Why were you even entertaining this douche? He wants a side piece.

Sent from my Pixel 3 XL using Tapatalk


----------



## lucy999 (Sep 28, 2014)

Hon, he is taking up far too much real estate in your head. Let it go. Let him go. He's never going to be who you want him to be.


----------



## Cooper (Apr 18, 2008)

You need to realize the guy is a disgusting ass. I'm not bashing you but advising you to learn from your experiences. He has been lying to you, there was no back and forth or indecision, he and his girlfriend's relationship was moving forward this entire time. You don't jump from being "not sure" to selling your furniture and moving in with someone.

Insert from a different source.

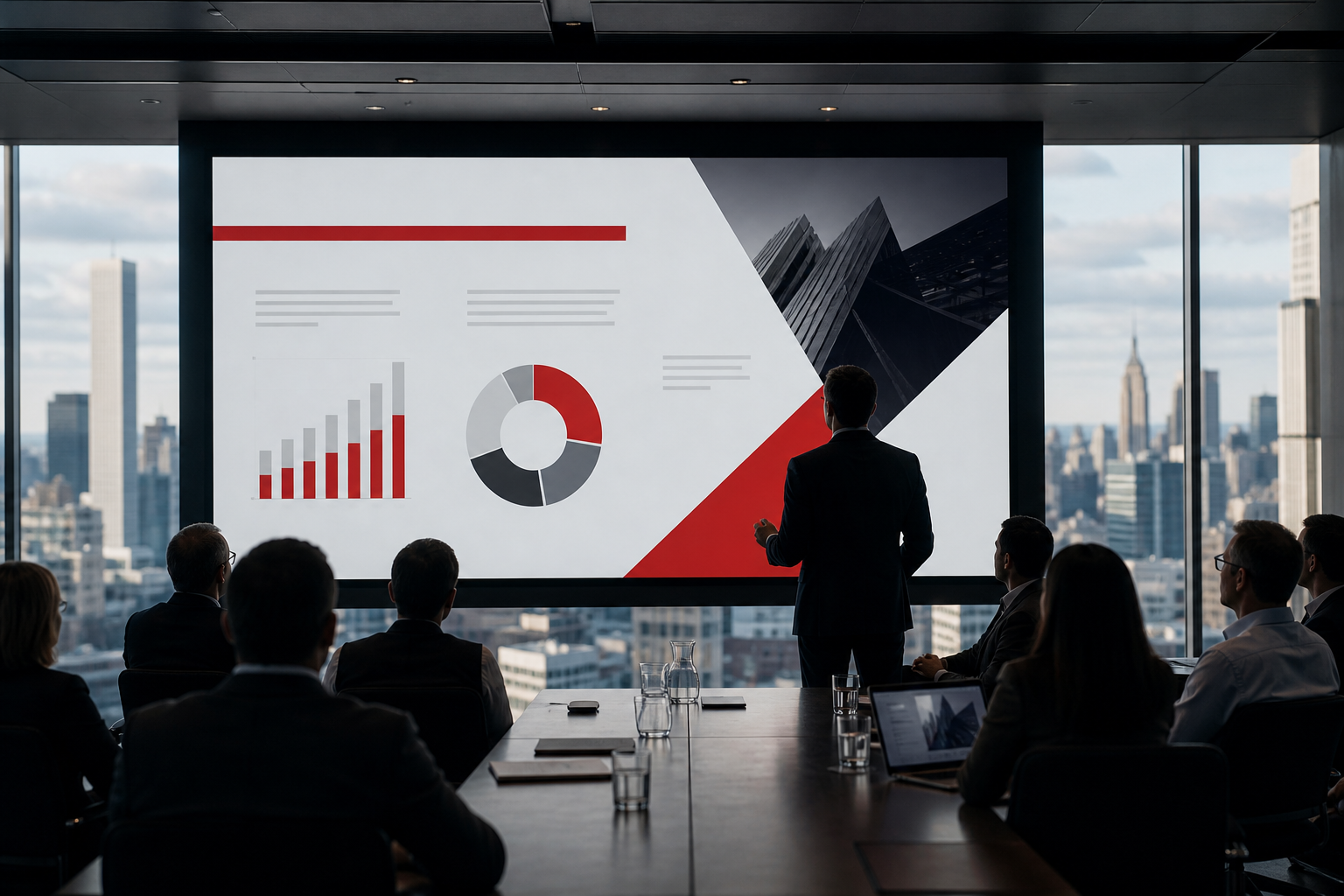 Conference room screen showing a slide deck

You should be disgusted at his lack of integrity. He is the type of person who will only damage your life, if he ever contacts you again blow up his life, send any text to his girlfriend, it's what he deserves.


----------



## curious2 (Jan 13, 2013)

Getting a new phone is a good idea. This guy is trash. If you are lucky enough to finally win him (sarcasm) then you can look forward to him doing to you exactly what he is doing to his current girlfriend. There really is nothing to be scratching your head over. He is moving in with her and wants to play with you. I doubt you’re the only one he entertains on the side. Don’t buy his ego stroking about how great you are in bed. Not saying you aren’t but he is thoroughly enjoying his girlfriend and whoever else as well. He knows he “has” you and will continue this game he okays as long as you let him. There is nothing you could have or should have said or done to get a better outcome here. Don’t give him the satisfaction. Just cut him out completely. That’s the best outcome.


----------



## Lostinthought61 (Nov 5, 2013)

so sue how do you feel about this now?


----------



## Sue4473 (May 29, 2018)

It really doesn’t matter how I feel. 
If he’s happy then quit texting me 
He clearly says yes he wants to move in, but his actions with me show different. Like I say it doesn’t matter anymore


----------



## Tex X (May 17, 2017)

farsidejunky said:


> Why were you even entertaining this douche? He wants a side piece.
> 
> Sent from my Pixel 3 XL using Tapatalk


Exactly. A liar and a loser. You're worth more than that - don't settle for less. If you get texts from him (even if you thought he was blocked), just delete without reading.


----------



## Tex X (May 17, 2017)

Sue4473 said:


> It really doesn’t matter how I feel.
> If he’s happy then quit texting me
> He clearly says yes he wants to move in, but his actions with me show different. Like I say it doesn’t matter anymore


Sue - he's a player. Don't listen to what he says, look at his actions. They don't align with what he's telling you. Unless you just want to be his F buddy. Doesn't sound like that's what you want. Hard 180 and no contact. There is someone better for you.


----------



## Openminded (Feb 21, 2013)

The truth is that you're just a body part to him. Don't like that? Then quit texting him. That just encourages him that you'll again be available at some point if he's persistent enough. And he'll keep trying because he knows that you're still hoping he'll choose you over her (he knows he won't).


----------



## curious2 (Jan 13, 2013)

In this case how you feel should be all that matters. He is moving in because he wants to move in. If he wasn’t happy he wouldn’t do that. I know you’re hurting but you have to stop hanging onto to hope with this guy. He’s no good. Not boyfriend material.


----------



## Openminded (Feb 21, 2013)

He's not faithful to her and he wouldn't be to you either. He's one of those guys who uses women. You need to figure out why you find that type appealing.


----------



## personofinterest (Apr 6, 2018)

Wow...


----------



## curious2 (Jan 13, 2013)

This is going to sting. I’m sorry for that but I really want you to be done with this guy. Let’s say it’s true - he isn’t really happy with his gf and she doesn’t really please him sexually. Still, he Chooses her when he could be with you. If this is true what does it say about his feelings for you? 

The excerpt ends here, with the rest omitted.